Task directions: Extract the whole listing as it stands. Do not include the pictures.

Record extracts:

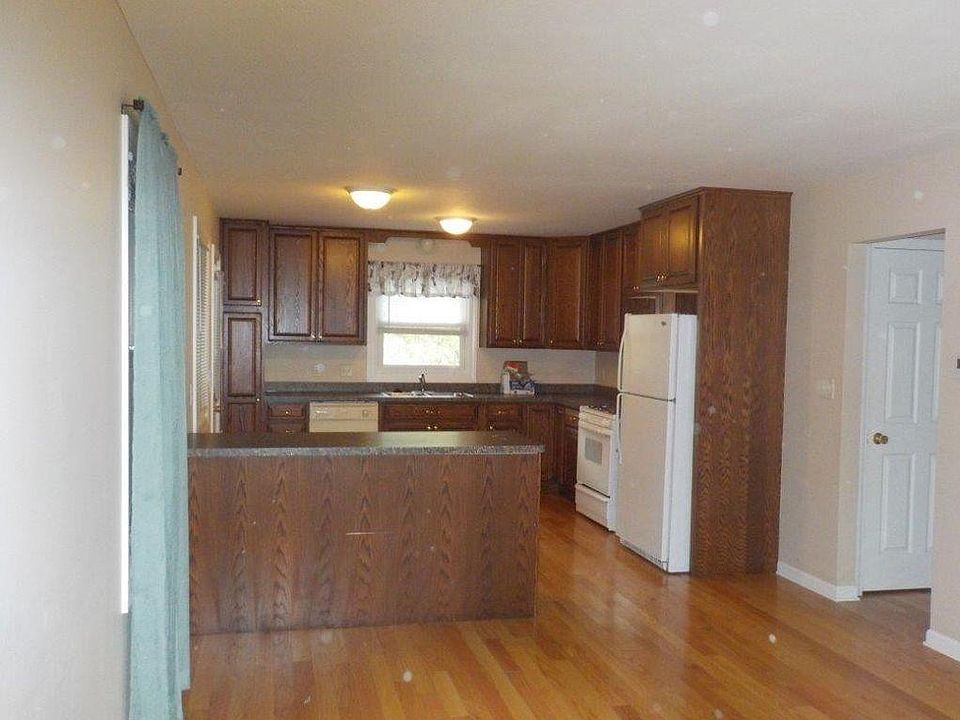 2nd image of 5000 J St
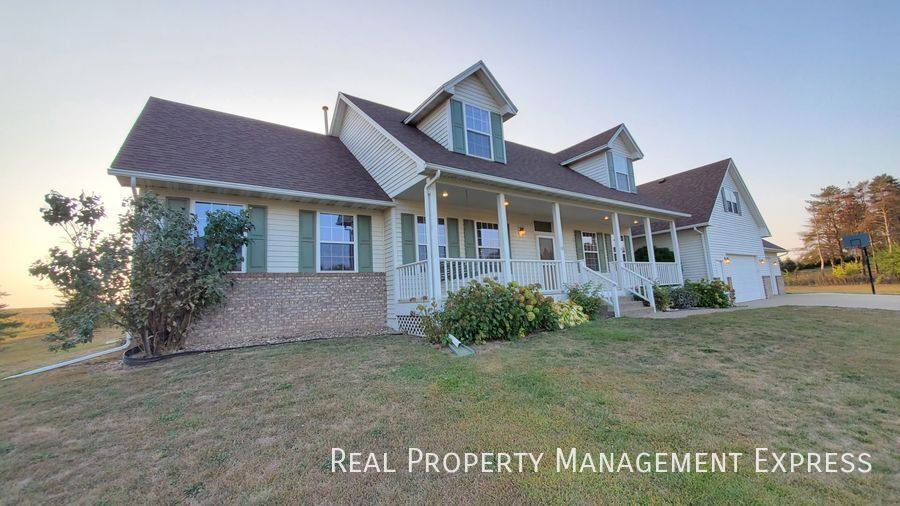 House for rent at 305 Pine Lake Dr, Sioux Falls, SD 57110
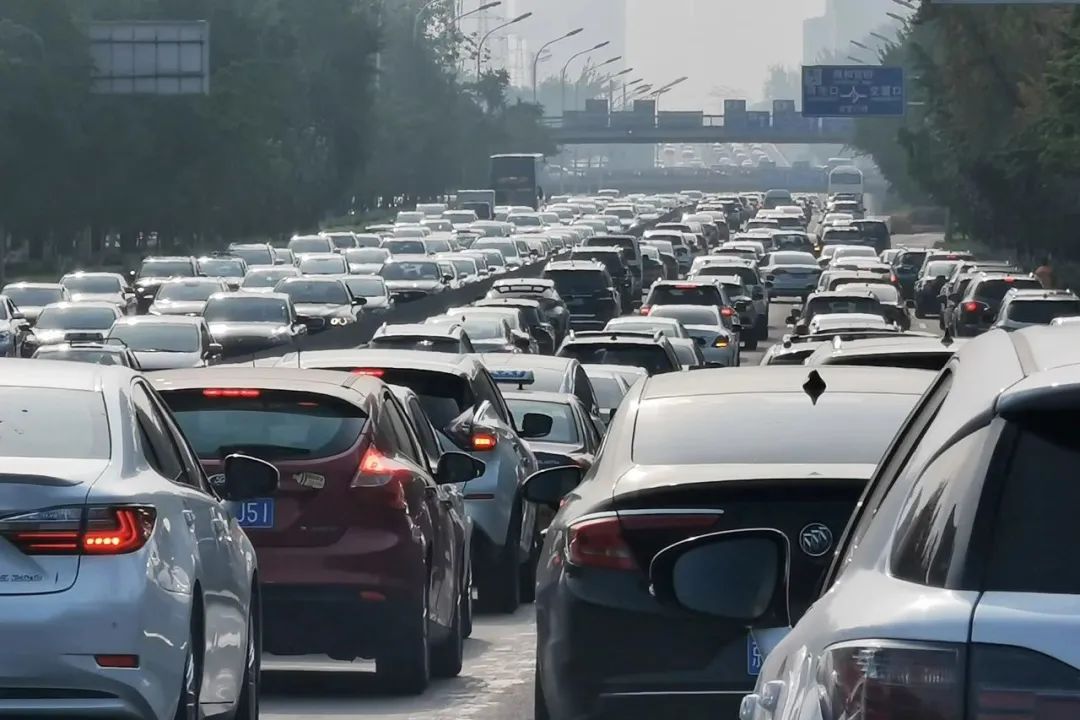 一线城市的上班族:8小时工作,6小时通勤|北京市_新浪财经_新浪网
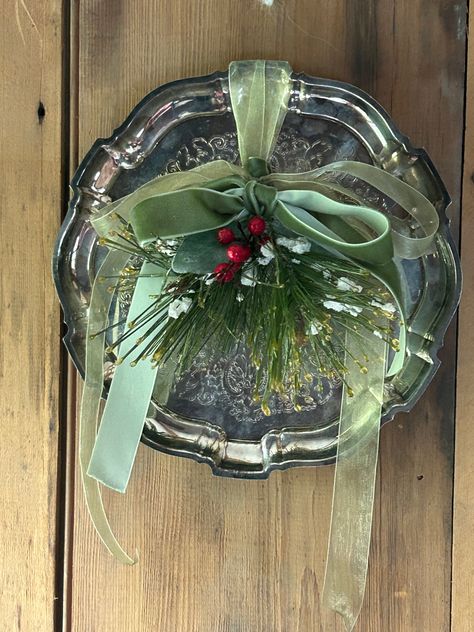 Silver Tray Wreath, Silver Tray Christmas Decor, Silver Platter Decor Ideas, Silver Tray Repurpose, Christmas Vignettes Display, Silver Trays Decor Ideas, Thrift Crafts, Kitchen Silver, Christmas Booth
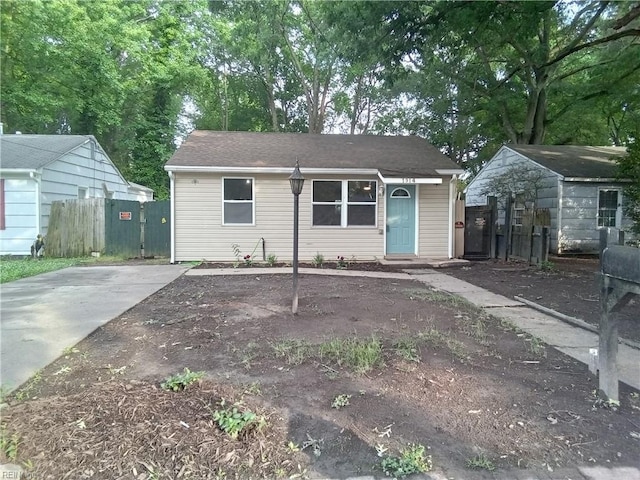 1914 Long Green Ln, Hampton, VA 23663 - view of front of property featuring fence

Answer section:
 2nd image of 5000 J St
 House for rent at 305 Pine Lake Dr, Sioux Falls, SD 57110
 一线城市的上班族:8小时工作,6小时通勤|北京市_新浪财经_新浪网
 Silver Tray Wreath, Silver Tray Christmas Decor, Silver Platter Decor Ideas, Silver Tray Repurpose, Christmas Vignettes Display, Silver Trays Decor Ideas, Thrift Crafts, Kitchen Silver, Christmas Booth
 1914 Long Green Ln, Hampton, VA 23663 - view of front of property featuring fence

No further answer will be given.